MacDonald sarcastically characterized these “dreadful” stories as “wonderful, beautiful things about dying blind musicians,” and one often needs to be reminded that he did not set out to become a mystery writer, or even a pulp writer. He was attempting “serious” work and was focusing on the slick magazine market and the small press. Working without an agent he would make a list of possible publications for each story, put them on an index card and send the story off in the mail, marking off each possibility when it was rejected and returned. When it came back from the last magazine on the list the work was mothballed.

Starting work in October of 1945, it wasn’t until February 1946 that he was able to sell his second story, to Mike Tilden of Popular Publications. It was a tale he titled “Paint on Her Hair” but eventually appeared in the October 1946 issue of Dime Detective as “Female of the Specie”.  “Then I thought,” MacDonald recalled, “well, maybe if I lower my sights a little and work a little bit harder -- by then I was a readjustment case -- maybe it’ll work.” He sold another few pulp mysteries to Popular, a few to Babette Rosmond, who edited both Doc Savage and The Shadow, and even a few of the early non-crime tales found their way into a non-genre pulp of the time, Short Stories. He was off and running.

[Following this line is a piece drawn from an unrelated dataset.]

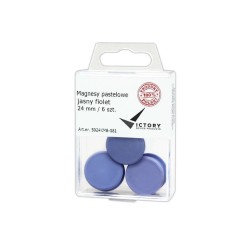 MAGNESY 24MM VICTORY OFFICE PRODUCTS 5024KM6-081 PASTELOWE JASNOFIOLETOWE 6SZT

But this account, recalled and repeated in every one of his biographies to some degree or another, ignores two short stories that were published before any other, MacDonald’s first and second ever appearance in print. The publication was called The American Courier and MacDonald didn’t earn a dime for either of them.

JDM began his writing marathon in early October 1945. As early as October 8 he had finished product and was sending it out for consideration. As the rejections came pouring back without a nibble MacDonald became anxious and began looking for any possible forum for his work. He must have learned of The American Courier through a source such as the then-current edition of Writer’s Market, and if so, he would have been hesitant to go there first as it would have been made clear that The American Courier did not pay for the stories it published. MacDonald was, after all, trying to make a living.

The author relented, according to JDM bibliographer Walter Shine, because he “had thought it might help to build his reputation as a writer.” He had certainly never seen or read an issue of The American Courier, and it is virtually impossible to learn anything about this obscure journal. But in mid November of 1945. he sent two of his stories to the Courier: “The Game,” one of the earliest stories he had written and one that had already been rejected by five different magazines, and “Conversation on Deck,” written in late October and rejected by one other magazine. Both were accepted. “Conversation on Deck” appeared in the January 1946 issue and “The Game” in the following month.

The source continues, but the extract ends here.